- [WHAT YOU SHOULD DO] Would you return exactly the lines below from the line with "Cómo se vivió" through the line with "Photo 16 of", both included, and nothing else, leaving out the pictures?

- [DATA SECTION]
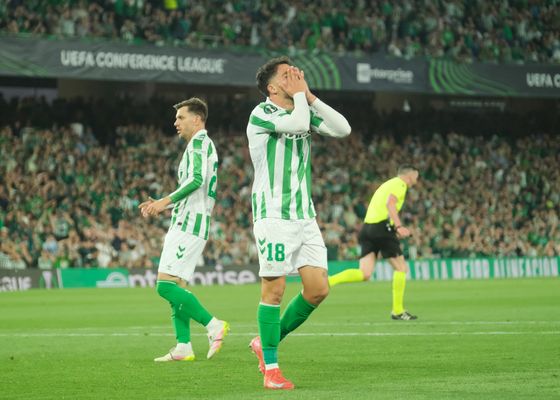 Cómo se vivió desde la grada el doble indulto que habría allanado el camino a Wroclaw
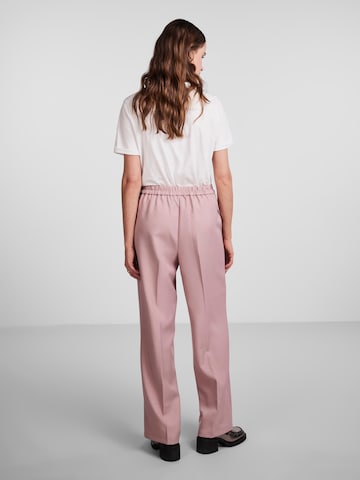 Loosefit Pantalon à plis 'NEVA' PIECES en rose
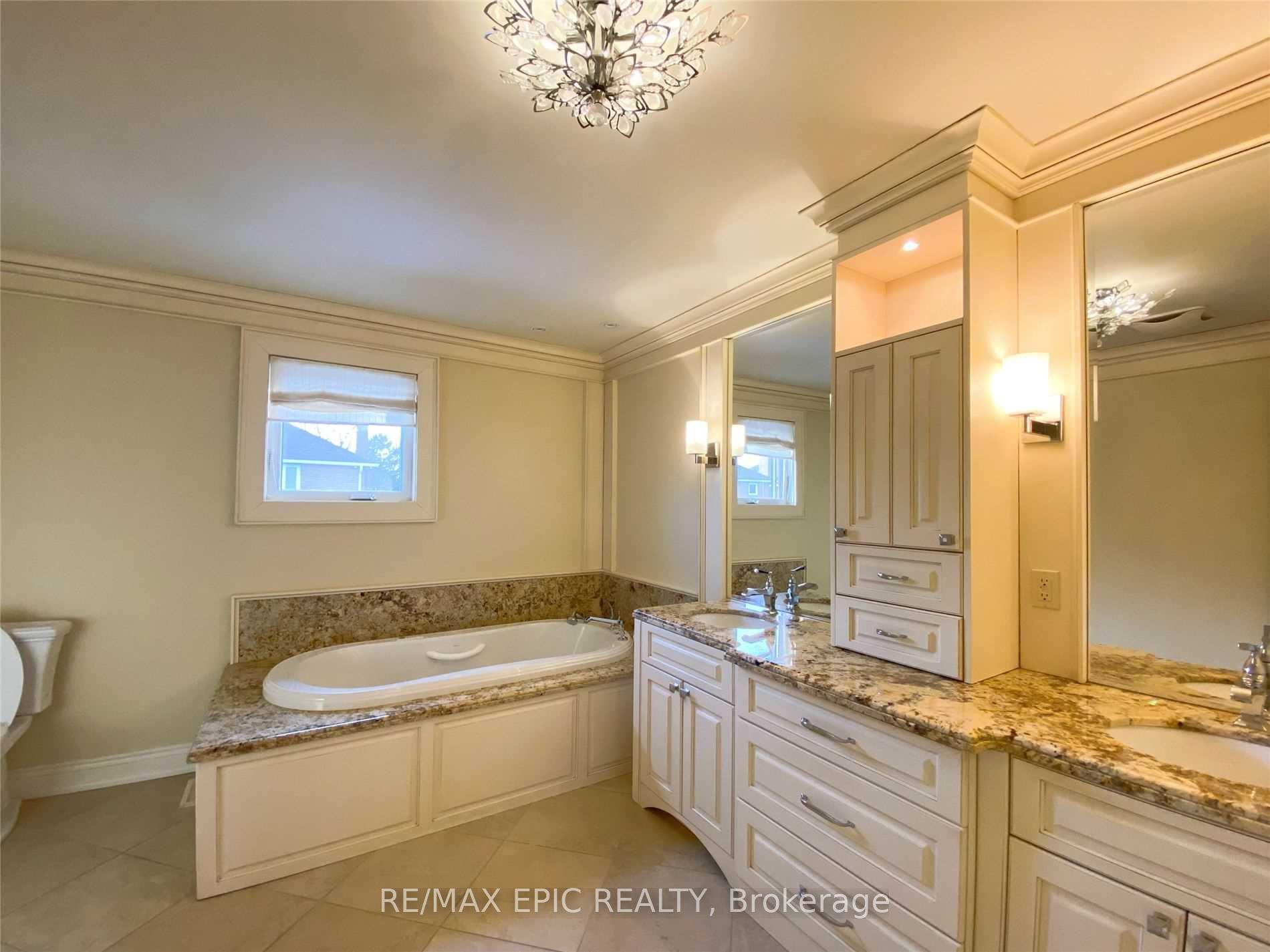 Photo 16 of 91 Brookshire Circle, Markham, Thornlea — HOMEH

--

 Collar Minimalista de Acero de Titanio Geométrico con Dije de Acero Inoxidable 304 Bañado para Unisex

- [RESULT FOR THIS EXERCISE]
 Cómo se vivió desde la grada el doble indulto que habría allanado el camino a Wroclaw
 Loosefit Pantalon à plis 'NEVA' PIECES en rose
 Photo 16 of 91 Brookshire Circle, Markham, Thornlea — HOMEH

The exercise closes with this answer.